The number of automotive manufacturers to make use of speech recognition systems within their products is steadily increasing, along with the number of applications. The interfaces to many of the ancillary controls could be based around speech recognition, assuming the speech engines were accurate enough to produce acceptable levels of reliability. Climate control, telephone, navigation system, radio and PDA (personal digital assistant) could, and will be, voice controlled. However, in many vehicles, the background noise levels associated with vehicle operation significantly reduce the reliability of the systems, producing unacceptably levels of incorrect identification.

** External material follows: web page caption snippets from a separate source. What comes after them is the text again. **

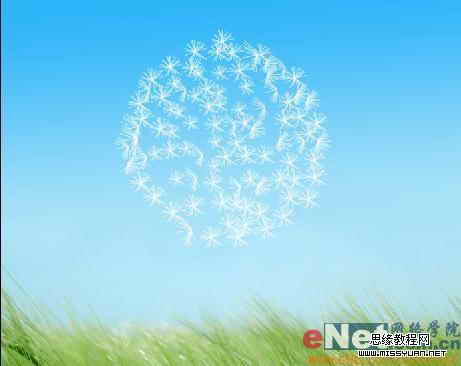 Photoshop制作逼真的風(fēng)中蒲公英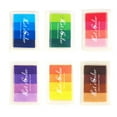 thumbnail image 4 of Inkpad Painting Stamp Pad 4 Color Scrapbooking Inkpad DIY Gradient Portable DIY Inkpad Scrapbooking Accessory, Purple, 4 of 7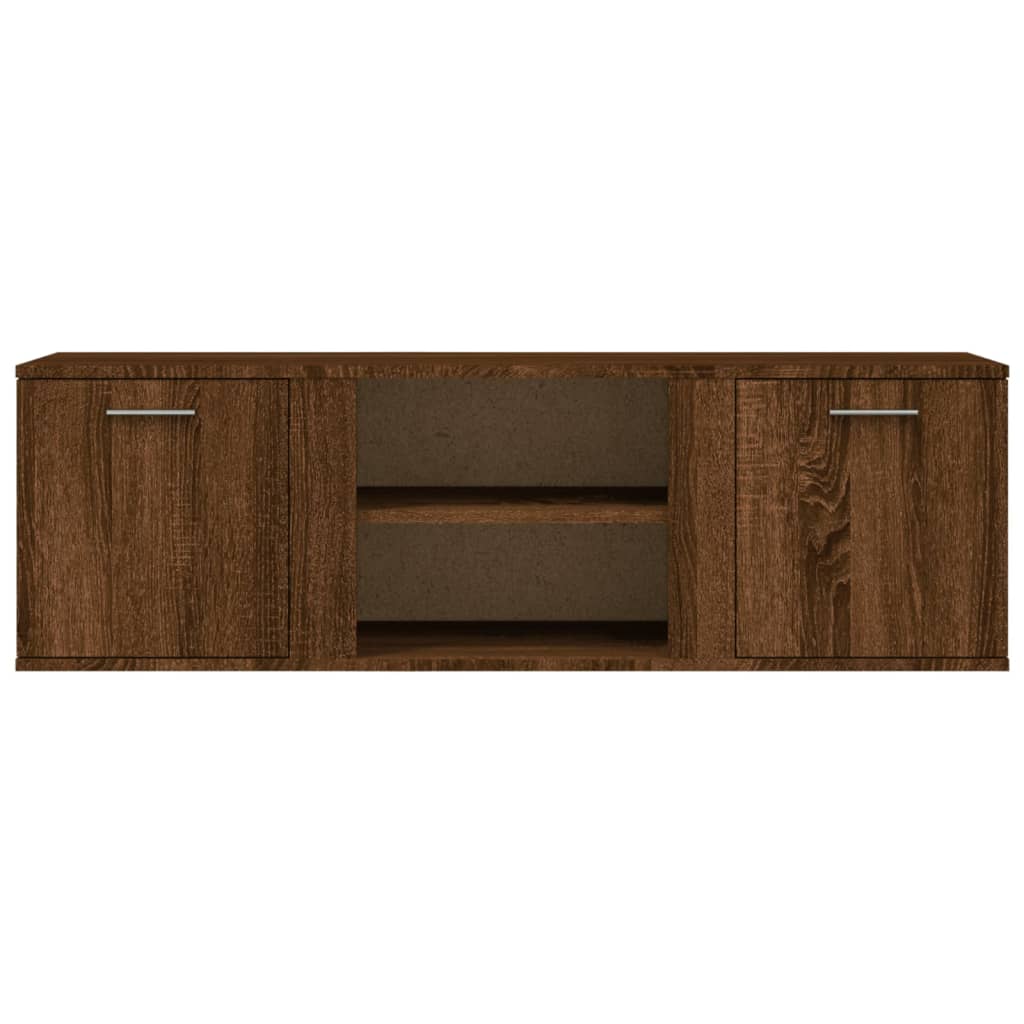 Meuble TV chêne marron 120x34x37 cm bois d'ingénierie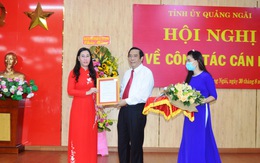 Bà Bùi Thị Quỳnh Vân làm bí thư, ông Đặng Ngọc Huy là phó bí thư Tỉnh ủy Quảng Ngãi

In order to test speech engines, both for algorithm development and product selection, it is important to be able to test the systems with representative levels of background noise. This noise must represent a wide variety of sources, from engine and wind noise to rain drumming and passing trucks, under a similarly diverse range of operating conditions. As such, the process of testing a system rigorously under actual measured conditions becomes extremely onerous.
The purpose of this project is to identify a suitably compact, artificial signal that is short enough to allow extensive testing of the speech engines but remains representative of the in-vehicle operating environment encountered. To achieve this the signal must contain all the significant characteristics of the vehicle environment, including level, transience and spectral balance such that, statistically, it will represent the actual noise floor presented to the speech recognition algorithm over the vehicles operating envelope.
The question is how to identify the significant features in the background noise and how they should be incorporated into the artificial signal to ensure a statistically valid test signal is achieved.